Got them this week, broke them in maybe 30 hours with pinknoise, switched and plugged them to 15Hz, adjusted the PEQs* with a third-octave RTA, phased them correctly with the main speakers, and WOW!!!!

I thought and still think the 10" Bob Carver Dominators sound better than they have a right to for the money, but the PC-Us are definitely a step-and-a-half up. The LOW-frequency bass from, for instance, 'U-571', 'Master and Commander...', and 'Black Hawk Down' has a solidity...a feeling...that was missing before. I also played them with stereo sources and they sound quite well defined in the mid- and upper-bass octaves.

I'm thrilled.
.

* One to the primary frequency of c. 30Hz and the other to the secondary peak of c. 50Hz.


----------



## Sonnie (Apr 11, 2006)

Congrats Jeffrey!

I must agree... they are awesome indeed. :yes: 

I love mine and my room never sounded better.


----------



## Guest (Apr 6, 2008)

jeffreybehr said:


> Got them this week, broke them in maybe 30 hours with pinknoise, switched and plugged them to 15Hz, adjusted the PEQs* with a third-octave RTA, phased them correctly with the main speakers, and WOW!!!!
> 
> I thought and still think the 10" Bob Carver Dominators sound better than they have a right to for the money, but the PC-Us are definitely a step-and-a-half up.

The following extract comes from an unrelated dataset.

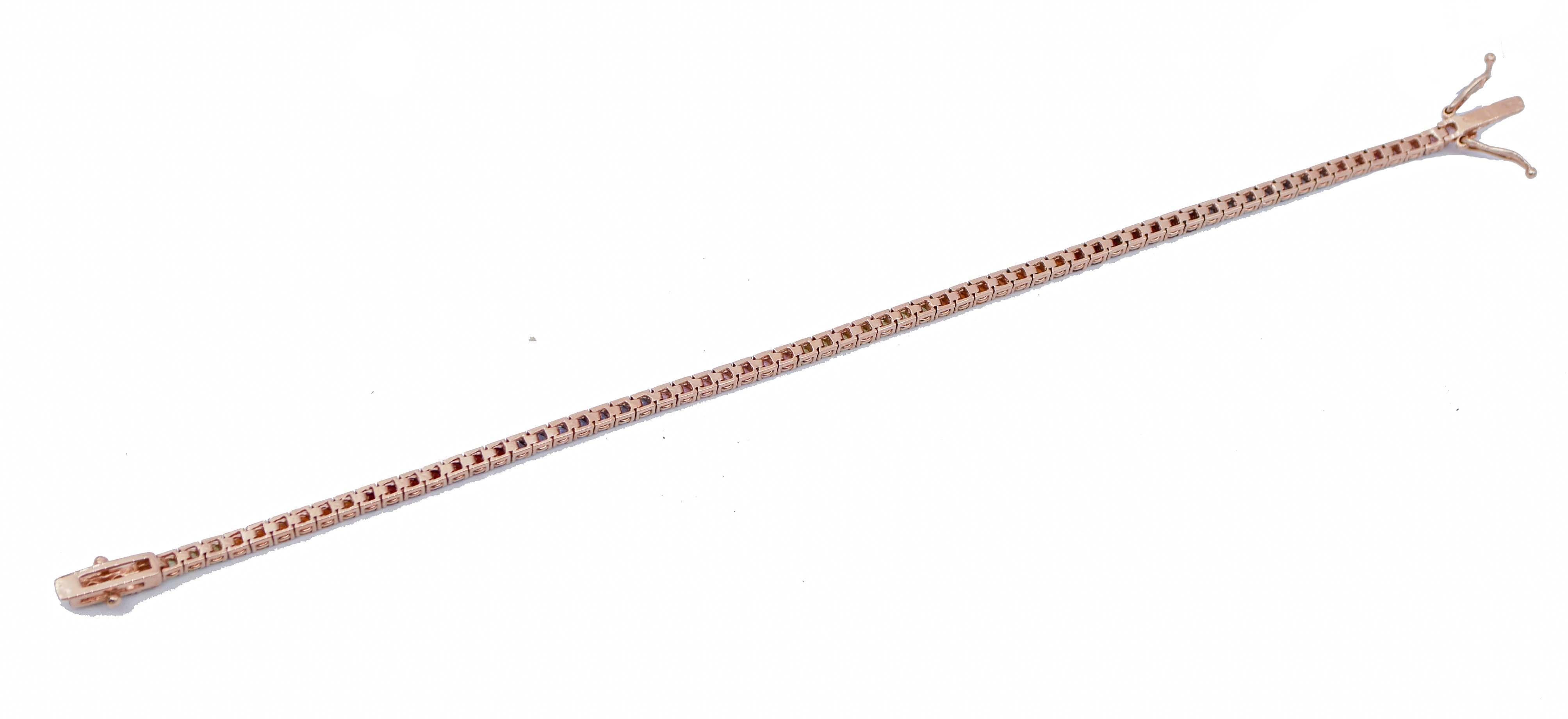 Rétro Topazi, ametiste verdi, tormalina, iolite, granati, bracciale tennis in oro rosa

The LOW-frequency bass from, for instance, 'U-571', 'Master and Commander...', and 'Black Hawk Down' has a solidity...a feeling...that was missing before. I also played them with stereo sources and they sound quite well defined in the mid- and upper-bass octaves.
> 
> ...


Great news Jeff, I take it you purchased 2 units. I sure love my pair. For interest, where did you place your subs and have you tried more than one position?


----------